Prom 73: Imogen Cooper, Paul Lewis

Prom 73: Imogen Cooper, Paul Lewis

A Schubert masterpiece duly plumbed precedes a dainty, long and slightly disappointing duo

Cooper and Lewis - preferring two pianos to four hands on one for SchubertAll images © BBC/Chris Christodoulou

It’s not because I lament the annual end of a love-hate relationship with the Albert Hall that the last few days of Proms feel rather melancholy. A bittersweetness lies rather in the drawing-in of evenings, however hot it is, so late night Schubert for one and then two pianos seemed like an appropriately introspective way of saying farewell this year.

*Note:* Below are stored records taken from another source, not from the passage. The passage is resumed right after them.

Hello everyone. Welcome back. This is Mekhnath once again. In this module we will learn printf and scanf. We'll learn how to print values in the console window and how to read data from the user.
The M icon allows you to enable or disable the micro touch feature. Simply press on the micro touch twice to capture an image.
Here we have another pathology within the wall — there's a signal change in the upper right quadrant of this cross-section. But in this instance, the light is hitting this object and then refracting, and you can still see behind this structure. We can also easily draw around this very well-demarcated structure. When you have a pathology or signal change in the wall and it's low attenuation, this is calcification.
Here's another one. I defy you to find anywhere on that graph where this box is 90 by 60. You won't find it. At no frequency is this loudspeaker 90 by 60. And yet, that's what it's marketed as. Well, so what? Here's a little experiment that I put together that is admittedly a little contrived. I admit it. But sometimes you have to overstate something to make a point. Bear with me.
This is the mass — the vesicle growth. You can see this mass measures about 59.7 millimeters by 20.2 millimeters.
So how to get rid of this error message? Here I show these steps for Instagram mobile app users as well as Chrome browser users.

Imogen Cooper – why on earth she’s not a dame is a big mystery, though perhaps not if you look at the honours set-up  – can always be relied upon to draw you in to the light-fading of late Schubert. Sure enough, after the startling summons of the C minor sonata D958, she was achieving all her usual subtle, inscaped wonders in the second subject, shifting colour with the composer’s miraculous enharmonic key changes.

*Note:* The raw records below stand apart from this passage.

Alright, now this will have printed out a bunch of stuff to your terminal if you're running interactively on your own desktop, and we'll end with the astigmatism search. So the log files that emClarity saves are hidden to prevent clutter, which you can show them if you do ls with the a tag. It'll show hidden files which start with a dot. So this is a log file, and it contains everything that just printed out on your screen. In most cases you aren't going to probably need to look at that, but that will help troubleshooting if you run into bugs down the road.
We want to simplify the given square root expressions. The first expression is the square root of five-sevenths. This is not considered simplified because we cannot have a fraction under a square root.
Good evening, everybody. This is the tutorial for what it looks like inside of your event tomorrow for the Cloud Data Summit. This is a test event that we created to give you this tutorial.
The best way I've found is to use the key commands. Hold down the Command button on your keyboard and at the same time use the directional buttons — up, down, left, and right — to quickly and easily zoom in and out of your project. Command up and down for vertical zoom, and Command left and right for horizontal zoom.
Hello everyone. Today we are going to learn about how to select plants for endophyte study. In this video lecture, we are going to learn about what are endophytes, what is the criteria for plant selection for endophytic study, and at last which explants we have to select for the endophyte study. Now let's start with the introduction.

Imogen Cooper pictured by Chris ChristodoulouThe second movement predictably struck the greatest depths and elicited the most tears, more withdrawn chords and fleeting shifts to the minor suggesting that the composer has already half crossed over to the other side. Cooper (pictured left) joined it to a purgatorial scherzo, and thence straight to the exhausting tarantella of the finale. It can sound more like a dance of death, and there are pianists who are more fearless in scaling the Alpine heights, like Elisabeth Leonskaja. Cooper, though, proves there are almost as many human insights to be gained in the rolling upper Austrian hills.

Would that were true of the "Grand Duo" D812. Cooper and her regular Schubert partner Paul Lewis, electing to play the four-hander on two pianos in still perfect accord, clearly believe in it and the programming was clever to shift from C minor to C major. But after one of the greatest masterpieces, its predominant serenity can seem placid and overstretched. And it’s not simply the fact that this is an earlier work; there are specimens among sonatas written earlier still, as Leonskaja proved in her Verbier Schubert odyssey, which reveal just as much idiosyncrasy, if not quite as much depth, as the C minor Sonata.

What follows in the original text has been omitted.